Pincelate class

class pincelate.Pincelate(model_path_prefixes=())

Loads and provides an API for sequence-to-sequence models for spelling and sounding out.

closest(vec)

Finds the closest Arpabet phoneme for the given feature vector

featureidx(feat)

Index of a feature in the phoneme feature vocabulary.

Examples

>>> from pincelate import Pincelate
>>> pin = Pincelate()
>>> pug = pin.phonemefeatures("pug")
>>> pug[1][pin.featureidx('vcd')] = 1
>>> pin.spellfeatures(pug)
'bug'
manipulate(s, letters=None, features=None, temperature=0.25)

Manipulate a round-trip respelling of a string

This method ‘re-spells’ words by first translating them to phonetic features then back to orthography. The provided values are used to attenuate or emphasize the probability of the given letters and phonetic features at each step of the spelling and sounding out process. Specifically, the decoded probability of the given item (letter or feature) is raised to the power of np.exp(n), where n is the provided value. A value of 0 will affect no change; negative values will increase the probability, positive values will decrease the probability. (A good range to try out is -10 to +10.)

Parameters:
  • s (str) – String to be re-spelled. Should contain only ASCII lowercase characters.
  • letters (dict) – Dictionary mapping letters to exponent values
  • features (dict) – Dictionary mapping phonetic features to exponent values
  • temperature (float) – Temperature for softmax sampling. Larger values will yield more unusual results.
Returns:

A re-spelling of the provided word

Return type:

str

Examples

Respell without using particular letters:

>>> from pincelate import Pincelate
>>> pin = Pincelate()
>>> pin.manipulate("cheese", letters={'e': 10})
"chi's"

Respell emphasizing certain phonetic features:

>>> from pincelate import Pincelate
>>> pin = Pincelate()
>>> pin.manipulate("nod", features={'alv': 10, 'blb': -10})
'mob'

Produce a less plausible spelling:

>>> from pincelate import Pincelate
>>> pin = Pincelate()
>>> [pin.manipulate("alphabet", temperature=1.5) for i in range(5)]
['alphabet', 'alphabey', 'alphibete', 'alfabet', 'alphabette']
phonemefeatures(s)

Produces an array of phoneme feature probabilities for string.

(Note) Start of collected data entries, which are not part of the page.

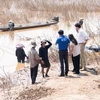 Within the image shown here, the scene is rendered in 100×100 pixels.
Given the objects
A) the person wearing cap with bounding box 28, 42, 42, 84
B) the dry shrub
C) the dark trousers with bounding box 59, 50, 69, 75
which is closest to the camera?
the dry shrub

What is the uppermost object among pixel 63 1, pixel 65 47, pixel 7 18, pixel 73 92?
pixel 63 1

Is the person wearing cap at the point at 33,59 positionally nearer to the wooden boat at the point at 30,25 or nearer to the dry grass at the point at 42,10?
the wooden boat at the point at 30,25

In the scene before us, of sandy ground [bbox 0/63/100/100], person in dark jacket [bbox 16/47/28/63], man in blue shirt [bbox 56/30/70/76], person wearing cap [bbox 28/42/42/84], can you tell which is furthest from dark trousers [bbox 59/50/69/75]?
person in dark jacket [bbox 16/47/28/63]

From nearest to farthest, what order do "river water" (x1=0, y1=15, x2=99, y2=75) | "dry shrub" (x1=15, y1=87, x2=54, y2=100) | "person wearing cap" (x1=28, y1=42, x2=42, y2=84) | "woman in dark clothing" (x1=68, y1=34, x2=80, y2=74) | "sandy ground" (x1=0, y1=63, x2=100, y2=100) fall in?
1. "sandy ground" (x1=0, y1=63, x2=100, y2=100)
2. "dry shrub" (x1=15, y1=87, x2=54, y2=100)
3. "person wearing cap" (x1=28, y1=42, x2=42, y2=84)
4. "woman in dark clothing" (x1=68, y1=34, x2=80, y2=74)
5. "river water" (x1=0, y1=15, x2=99, y2=75)

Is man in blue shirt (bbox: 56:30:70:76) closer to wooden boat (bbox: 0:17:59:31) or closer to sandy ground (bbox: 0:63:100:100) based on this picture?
sandy ground (bbox: 0:63:100:100)

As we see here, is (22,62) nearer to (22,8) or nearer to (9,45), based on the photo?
(9,45)

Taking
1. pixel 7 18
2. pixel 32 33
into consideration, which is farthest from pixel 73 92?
pixel 7 18

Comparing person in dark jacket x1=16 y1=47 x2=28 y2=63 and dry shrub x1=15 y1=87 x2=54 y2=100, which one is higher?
person in dark jacket x1=16 y1=47 x2=28 y2=63

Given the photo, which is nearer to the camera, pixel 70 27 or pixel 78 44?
pixel 78 44

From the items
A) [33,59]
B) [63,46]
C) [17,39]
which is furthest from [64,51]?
[17,39]

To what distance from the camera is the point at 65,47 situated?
28.3 ft

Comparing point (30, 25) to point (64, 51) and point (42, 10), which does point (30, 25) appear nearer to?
point (42, 10)

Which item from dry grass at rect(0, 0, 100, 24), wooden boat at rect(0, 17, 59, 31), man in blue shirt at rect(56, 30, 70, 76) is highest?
dry grass at rect(0, 0, 100, 24)

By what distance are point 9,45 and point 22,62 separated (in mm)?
5380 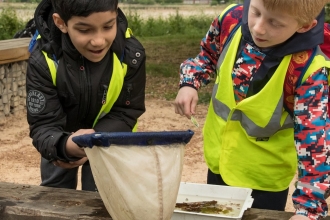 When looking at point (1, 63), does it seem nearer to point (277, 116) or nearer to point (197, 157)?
point (197, 157)

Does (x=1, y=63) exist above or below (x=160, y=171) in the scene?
below

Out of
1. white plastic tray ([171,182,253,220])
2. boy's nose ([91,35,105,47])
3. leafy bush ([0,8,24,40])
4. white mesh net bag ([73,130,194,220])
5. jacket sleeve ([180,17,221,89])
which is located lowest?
leafy bush ([0,8,24,40])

This function operates like soundout, except it omits the nearest-neighbor phoneme lookup at the end, returning the raw phoneme feature probabilities instead.

You can “spell” this array of phoneme features using the spellfeatures() method.

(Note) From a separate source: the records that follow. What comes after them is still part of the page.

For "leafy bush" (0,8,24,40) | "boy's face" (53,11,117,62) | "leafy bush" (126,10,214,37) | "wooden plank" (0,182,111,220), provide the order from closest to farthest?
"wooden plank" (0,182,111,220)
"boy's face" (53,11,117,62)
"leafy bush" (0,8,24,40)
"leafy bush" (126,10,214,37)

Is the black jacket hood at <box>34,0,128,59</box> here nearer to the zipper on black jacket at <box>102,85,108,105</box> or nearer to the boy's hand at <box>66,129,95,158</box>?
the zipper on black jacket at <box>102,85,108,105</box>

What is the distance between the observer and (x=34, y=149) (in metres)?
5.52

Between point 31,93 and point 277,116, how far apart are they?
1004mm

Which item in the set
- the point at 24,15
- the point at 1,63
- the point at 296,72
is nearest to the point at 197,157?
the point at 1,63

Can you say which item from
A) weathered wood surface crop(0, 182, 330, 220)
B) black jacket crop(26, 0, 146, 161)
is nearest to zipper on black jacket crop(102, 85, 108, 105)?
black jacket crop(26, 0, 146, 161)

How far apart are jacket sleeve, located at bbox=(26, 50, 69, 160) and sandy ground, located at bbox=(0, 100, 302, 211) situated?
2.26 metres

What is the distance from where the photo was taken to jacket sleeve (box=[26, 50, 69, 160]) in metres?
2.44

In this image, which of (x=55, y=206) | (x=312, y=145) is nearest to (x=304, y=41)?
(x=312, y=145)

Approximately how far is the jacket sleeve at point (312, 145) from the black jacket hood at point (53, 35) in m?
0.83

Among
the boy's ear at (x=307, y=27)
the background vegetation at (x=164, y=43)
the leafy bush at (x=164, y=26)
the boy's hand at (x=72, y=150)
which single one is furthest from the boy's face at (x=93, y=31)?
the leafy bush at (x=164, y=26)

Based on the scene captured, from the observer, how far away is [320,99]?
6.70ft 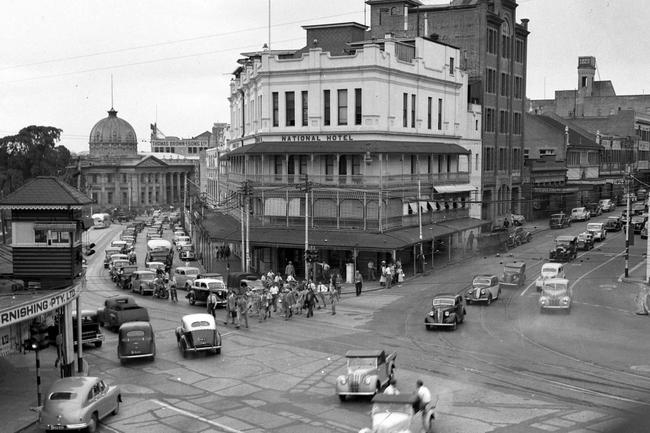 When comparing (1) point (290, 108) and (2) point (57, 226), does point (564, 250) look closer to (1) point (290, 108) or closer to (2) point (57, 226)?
(1) point (290, 108)

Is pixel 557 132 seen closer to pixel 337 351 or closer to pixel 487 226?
pixel 487 226

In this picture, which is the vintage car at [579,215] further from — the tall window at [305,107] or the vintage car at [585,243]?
the tall window at [305,107]

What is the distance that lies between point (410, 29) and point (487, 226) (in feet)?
78.2

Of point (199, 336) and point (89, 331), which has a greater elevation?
point (199, 336)

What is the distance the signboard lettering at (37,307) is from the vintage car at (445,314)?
56.2ft

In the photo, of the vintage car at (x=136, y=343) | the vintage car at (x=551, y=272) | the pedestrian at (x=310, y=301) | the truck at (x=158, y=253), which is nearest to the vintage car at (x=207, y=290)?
the pedestrian at (x=310, y=301)

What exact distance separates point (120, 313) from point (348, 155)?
89.7 feet

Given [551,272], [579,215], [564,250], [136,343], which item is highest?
[579,215]

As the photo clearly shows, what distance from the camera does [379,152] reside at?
5900cm

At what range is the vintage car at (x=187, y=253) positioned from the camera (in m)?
79.9

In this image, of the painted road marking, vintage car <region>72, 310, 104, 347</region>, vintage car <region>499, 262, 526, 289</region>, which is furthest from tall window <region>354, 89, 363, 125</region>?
the painted road marking

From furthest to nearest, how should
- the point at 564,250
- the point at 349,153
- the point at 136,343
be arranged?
the point at 564,250
the point at 349,153
the point at 136,343

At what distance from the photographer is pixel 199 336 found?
33.1m

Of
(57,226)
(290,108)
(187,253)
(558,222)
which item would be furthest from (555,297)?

Parameters:s (str) – The string to sound out. Should contain only lowercase ASCII characters.
Returns:A numpy array of shape (n, m) where n is the number of predicted phonemes (including begin/end tokens) and m is the number of phoneme features in the training data (32 for the included pretrained model)
Return type:numpy.array

Examples

>>> from pincelate import Pincelate
>>> pin = Pincelate()
>>> feats = pin.phonemefeatures("hello")
>>> feats.shape
(6, 32)
phonemestate(s)

Calculates hidden state of the spelling model’s decoder for string.

This hidden state can be used for various purposes, including as a representation of the way the string sounds (for the purpose of similarity searches).

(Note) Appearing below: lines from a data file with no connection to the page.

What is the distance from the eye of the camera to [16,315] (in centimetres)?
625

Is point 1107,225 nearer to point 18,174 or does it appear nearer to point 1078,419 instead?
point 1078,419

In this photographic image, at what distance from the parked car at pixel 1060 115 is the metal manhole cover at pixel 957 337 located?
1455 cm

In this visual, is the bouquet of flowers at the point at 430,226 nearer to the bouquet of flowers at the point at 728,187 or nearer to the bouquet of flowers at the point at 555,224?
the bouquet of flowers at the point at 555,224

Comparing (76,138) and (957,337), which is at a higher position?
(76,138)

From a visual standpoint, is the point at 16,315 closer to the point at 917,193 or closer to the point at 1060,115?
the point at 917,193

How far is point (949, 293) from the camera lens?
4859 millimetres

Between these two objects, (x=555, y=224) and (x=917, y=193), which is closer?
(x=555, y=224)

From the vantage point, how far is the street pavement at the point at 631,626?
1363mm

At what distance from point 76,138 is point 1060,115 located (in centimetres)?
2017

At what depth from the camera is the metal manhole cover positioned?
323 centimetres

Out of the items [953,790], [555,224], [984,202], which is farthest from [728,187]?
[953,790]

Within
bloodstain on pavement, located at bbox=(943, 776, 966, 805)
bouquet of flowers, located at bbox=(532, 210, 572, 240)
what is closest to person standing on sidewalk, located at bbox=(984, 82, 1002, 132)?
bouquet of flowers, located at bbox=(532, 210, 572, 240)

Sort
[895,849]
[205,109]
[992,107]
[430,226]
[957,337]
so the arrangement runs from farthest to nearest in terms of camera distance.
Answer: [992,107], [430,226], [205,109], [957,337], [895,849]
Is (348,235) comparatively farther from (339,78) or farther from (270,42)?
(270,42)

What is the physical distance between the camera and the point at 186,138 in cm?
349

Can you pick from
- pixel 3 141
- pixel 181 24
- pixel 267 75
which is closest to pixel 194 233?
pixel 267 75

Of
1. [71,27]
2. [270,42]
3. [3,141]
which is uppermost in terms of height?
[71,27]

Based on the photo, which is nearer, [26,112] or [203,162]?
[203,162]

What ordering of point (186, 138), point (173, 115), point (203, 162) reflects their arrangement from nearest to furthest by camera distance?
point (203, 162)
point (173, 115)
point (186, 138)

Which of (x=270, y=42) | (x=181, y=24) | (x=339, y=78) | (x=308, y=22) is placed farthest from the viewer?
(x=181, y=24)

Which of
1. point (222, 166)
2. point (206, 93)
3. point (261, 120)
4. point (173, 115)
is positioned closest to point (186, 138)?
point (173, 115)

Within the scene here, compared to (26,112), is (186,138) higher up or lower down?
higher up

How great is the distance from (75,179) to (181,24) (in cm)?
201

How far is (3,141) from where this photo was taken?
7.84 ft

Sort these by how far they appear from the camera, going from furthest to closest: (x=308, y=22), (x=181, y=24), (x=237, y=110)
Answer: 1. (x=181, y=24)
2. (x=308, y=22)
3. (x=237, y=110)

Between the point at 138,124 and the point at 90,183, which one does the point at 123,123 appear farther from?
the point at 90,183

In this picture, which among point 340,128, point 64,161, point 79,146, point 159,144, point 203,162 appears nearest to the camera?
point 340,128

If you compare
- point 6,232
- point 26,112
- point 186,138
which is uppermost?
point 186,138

You can decode a spelling from a state returned from this method with the spellstate() method.

Parameters:s (str) – The string to sound out. Should contain only lowercase ASCII characters.
Returns:Array of shape (n,), where n is the number of dimensions in the spelling model’s hidden state (256 for the included pretrained model)
Return type:numpy.array

Examples

The following shows how to Calculate and compare the distance between the sound of two pairs of words.

>>> from pincelate import Pincelate
>>> from numpy.linalg import norm
>>> pin = Pincelate()
>>> bug2rug = norm(pin.phonemestate("bug") - pin.phonemestate("rug"))
>>> bug2zap = norm(pin.phonemestate("bug") - pin.phonemestate("zap"))
>>> bug2rug < bug2zap
True
soundout(s)

‘Sounds out’ the string, returning a list of Arpabet phonemes.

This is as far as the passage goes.